During a live virtual event, Anne S. Tsao, MD, discussed the choice of targeted therapy for a patient with non–small cell lung cancer with an EGFR exon 20 insertion.
CASE:
The patient is anxious to initiate therapy. What are you most likely to offer this patient as first-line therapy (assuming clinical trial not available)?
TARGETED ONCOLOGYTM: What factors determine your first-line treatment approach for this patient?
ANNE TSAO, MD: The KEYNOTE-189 [NCT02578680] regimen, which is a platinum-based agent/pemetrexed plus an immunotherapy, certainly is favored for patients with PD-L1 expression of less than 50%.1 But this is a never-smoking patient with adenocarcinoma so there is a risk that they’re going to have an oncogenic driver mutation, and giving them an immunotherapy triplet regimen is probably not in their best interests.
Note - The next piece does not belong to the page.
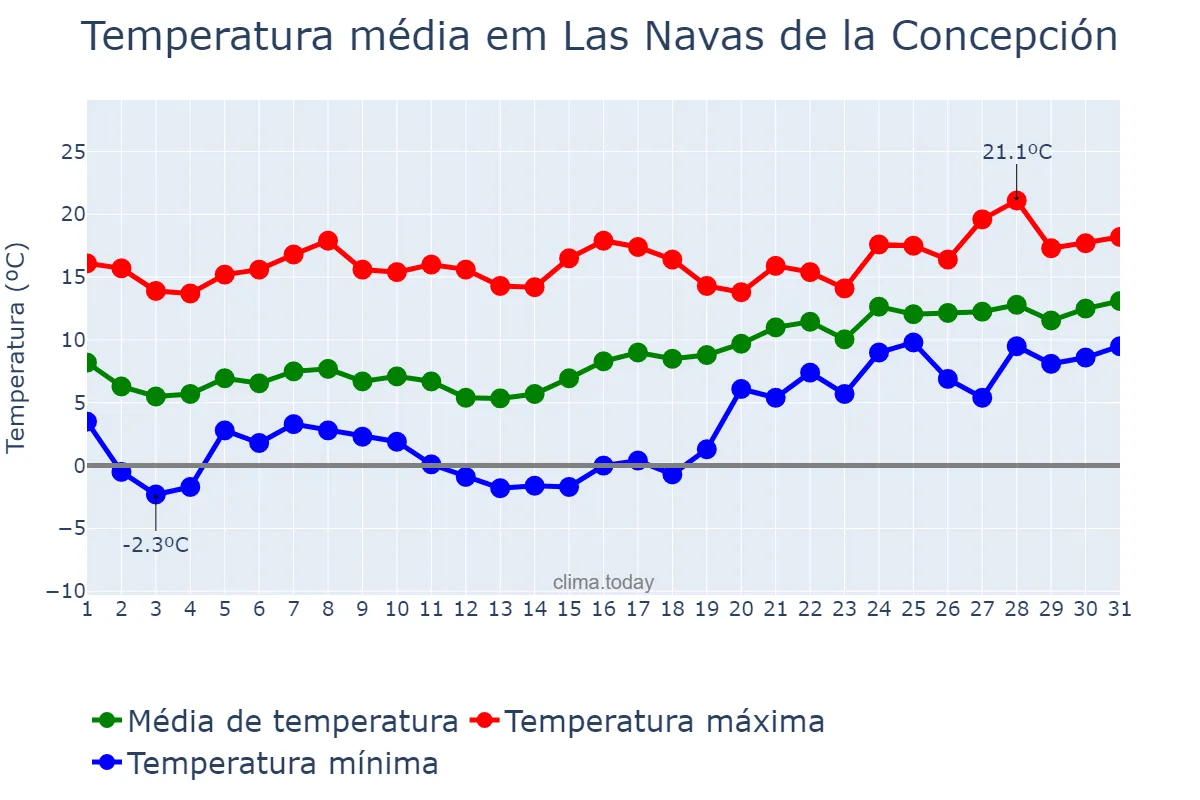 Temperatura em janeiro em Las Navas de la Concepción, Andalusia, ES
So, that is an important point for this case.
CASE (continued):
What are the characteristics of an EGFR exon 20 insertion?
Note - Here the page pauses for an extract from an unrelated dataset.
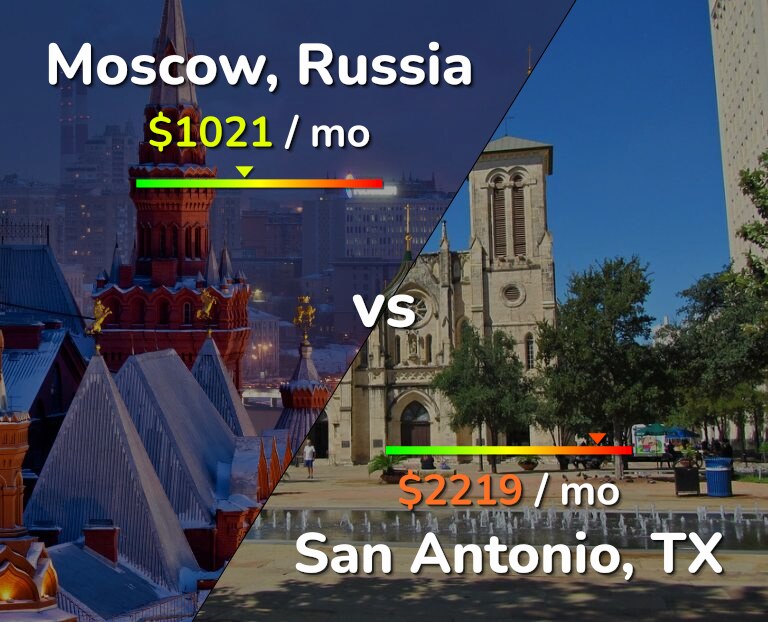 Cost of living in Moscow vs San Antonio infographic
This is rare, and [many physicians] have not experienced EGFR exon 20 insertion mutations yet. This type of a mutation can be characterized as an inframe insertion, or it can be a duplication.2 So, you might see either of those words when you look at a patient’s molecular profile. Both of them, however, will have responses to targeted therapy drugs.
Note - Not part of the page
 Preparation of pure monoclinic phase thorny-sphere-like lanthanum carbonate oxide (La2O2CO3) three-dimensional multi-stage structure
These are mostly considered mutations that are mutually exclusive from other mutations in NSCLC. We typically will see them in women, never-smokers, and Asian patients. We see these a lot in the adenocarcinoma histology; I’ve never seen one in squamous or large-cell disease. These are pretty rare, they’re about 6% of our overall population.
Now, when you look at the binding pocket of the receptor, for the sensitizing EGFR mutations, which are the deletion exon 19 and the L858, they have a different conformation in the binding pocket. The exon 20 insertion generally will not be responsive or sensitive—because of the way the binding pocket is structured—to first- and second-generation EGFR tyrosine kinase inhibitors [TKI]. Typically, you can’t use other agents like gefitinib [Iressa] and erlotinib [Tarceva], in patients with EGFR exon 20 mutations.
What are you most likely to offer this patient as next-line therapy (assuming a clinical trial not available)?
What therapy would you choose in the next line for a patient with an EGFR exon 20 insertion who received chemotherapy?
Chemotherapy plus an immunotherapy is probably not the route you want to take. For the patients with EGFR and ALK alterations, you want to reserve and not give them immunotherapies because of the risk of pneumonitis when you give them an EGFR-targeted therapy. We believe that this is going to be the case for any small-molecule TKI for these patients. So, amivantamab [Rybrevant] and mobocertinib [Exkivity] are certainly very viable options for this patient.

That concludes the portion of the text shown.